Qu’il est difficile l’art d’être humain ! Alors que certaines valeurs sont importantes à nos yeux, d’autres arrivent dans notre vie alors qu’on ne s’y attend pas forcément. Entre mensonge et sincérité, d’où vient l’illusion ?
Un mensonge par définition est une vérité que l’on cache ou que l’on transforme, une certaine expérience que l’on voudrait faire passer pour la réalité. On veut faire croire consciemment à l’autre (ou à soi-même) quelque chose qui n’est pas réel. Le mensonge s’oppose à la véracité (ce qui est vrai), à la sincérité (expression de sentiment fidèle à ce que l’on ressent) et à la franchise (acte de dire ce qui est vraiment). Le mensonge est une forme de tromperie, une manière de se manipuler ou de manipuler l’autre, même si parfois, tous les arguments sont là pour expliquer la nécessité du mensonge, comme une sorte de justification à son corps défendant. Des idées comme « toute vérité n’est pas bonne à dire ou à entendre », font qu’alors, le mensonge permet de préserver l’autre…. Ne pas se dire pour ne pas blesser l’autre… C’est alors qu’il peut y avoir entrechocs de valeurs. Si je sais que l’autre est sensible au point d’être malheureux, je pourrais avoir envie de ne rien lui dire. Si je l’aime et que j’ai envie de le préserver de toute douleur reliée à mon comportement ou à mes attitudes, le mensonge pourrait prévaloir sur la sincérité.
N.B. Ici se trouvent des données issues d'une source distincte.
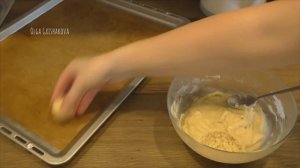 Сдобное ПЕЧЕНЬЕ на сметане - простое печенье!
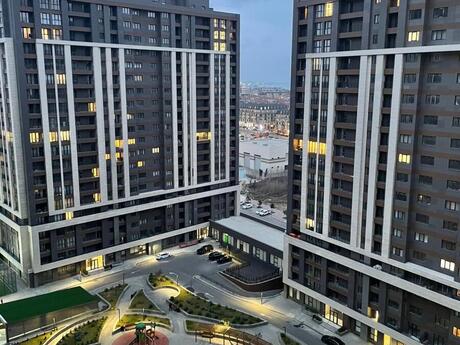 3 otaq · 127 m² · 19/20 mərtəbə, Şah İsmayıl Xətai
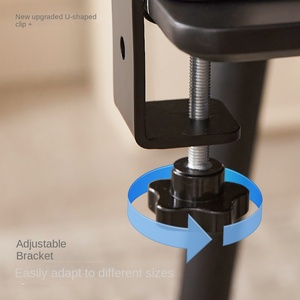 <span class=keywords><strong>Lit</strong></span> et griffoir pour chat de bureau, écologique et créatif, avec couvercle réglable rotatif à 360 degrés, pour chats petits et grands - Product Image 3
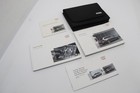 New ListingAudi A6 C6 Fl Avant Handbook Quick Ref Manual Pack Leather Wallet 29156274220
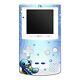 Game Boy Color Ips Console Lcd Q5 Squirtle Gbc Prestige Edition Abs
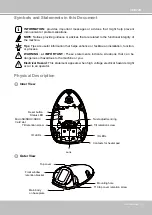 Предварительный просмотр 5 страницы Vivotek Supreme MD8564-DEH User Manual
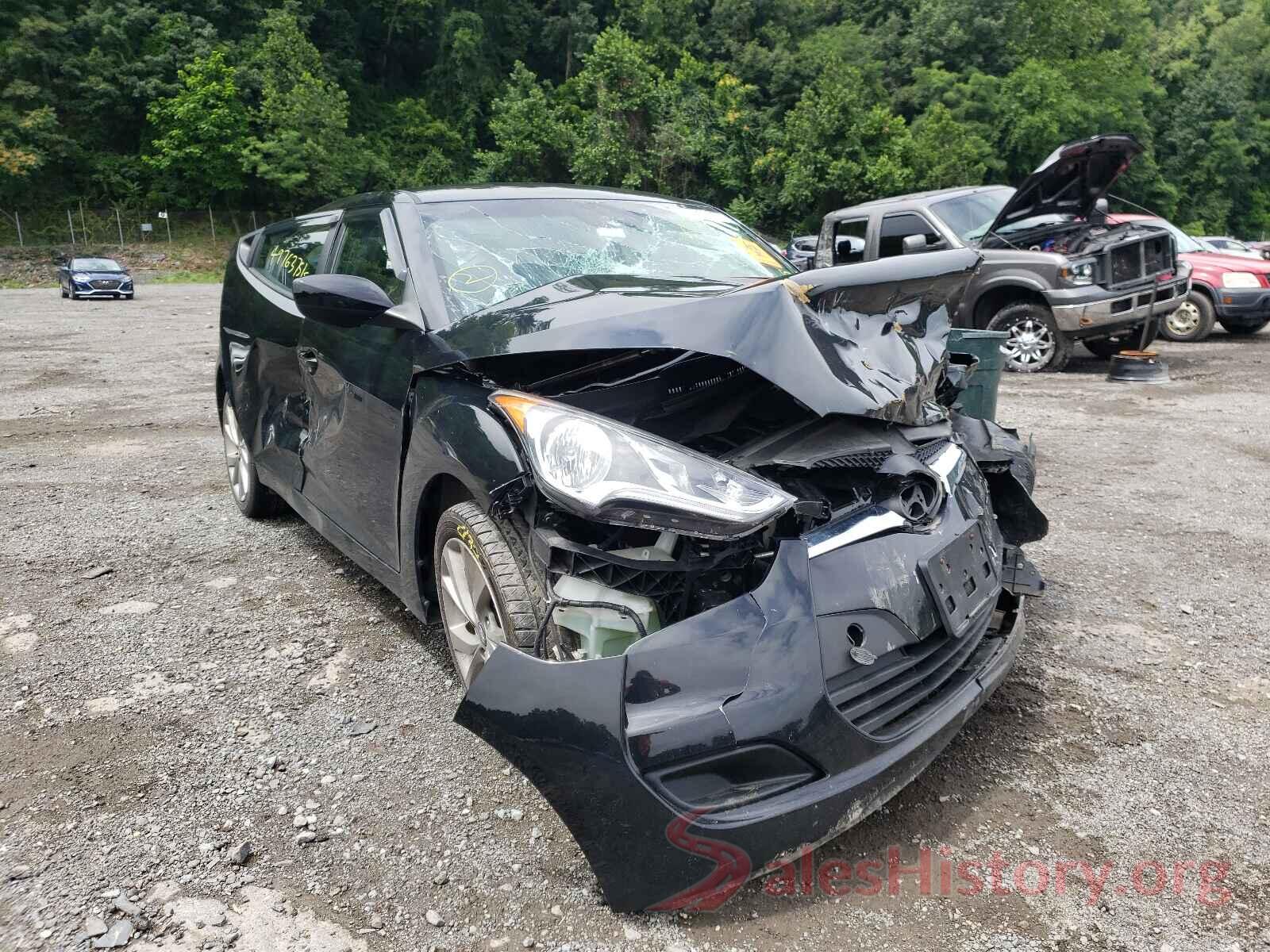 KMHTC6ADXGU276497 2016 HYUNDAI VELOSTER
Mais au fond, que le mensonge soit utilisé pour faire une farce à autrui, pour rendre service à l’autre, ou encore, dans le but de nuire, peut-on vraiment accepter que l’on soit trompé de quelque manière que ce soit ou que l’on se trompe au point de se perdre ?
Lorsqu’on interroge un menteur sur les raisons de son mensonge, celles-ci peuvent être variées. De la préservation de l’image de soi, en passant par l’évitement de conflit, par tact ou par sympathie pour ne pas blesser l’autre, ou encore pour éviter les conflits, quand ce n’est pas dans une action directe d’escroquerie, elles sont pour lui tout à fait valables. Elles ont leur raison d’être. Malgré tout, c’est un abus de pouvoir que l’on porte à autrui, réduisant ainsi l’autre à une « victime » potentiel, à quelqu’un de faible qui ne pourrait pas supporter la vérité. Le mensonge parfois, est relié à un manque de courage pour avancer sur le chemin de la vérité. Dans certaines circonstances, notamment celle de sauver sa peau, il parait nécessaire. Quant au mensonge pour escroquer l’autre, il a souvent l’air plus honnête que la moyenne et est difficilement acceptable et supportable.
Peut-être serait-il préférable alors, si le choix est fait de vivre des choses que nous ne voulons pas partager avec l’autre, d’aborder le sujet ensemble, afin de connaitre sa préférence. Préfère-t-il être tenu au courant de ce qui se passe réellement ou préfère-t-il ne rien savoir pour ne pas souffrir. Cela permettrait certainement de remettre l’autre sur un même pied d’égalité avec soi, hors de l’abus de pouvoir. L’équilibre relationnel passe par la communication et les ajustements communs, où chacun peut alors s’y retrouver en fonction de ses propres valeurs et points de vue.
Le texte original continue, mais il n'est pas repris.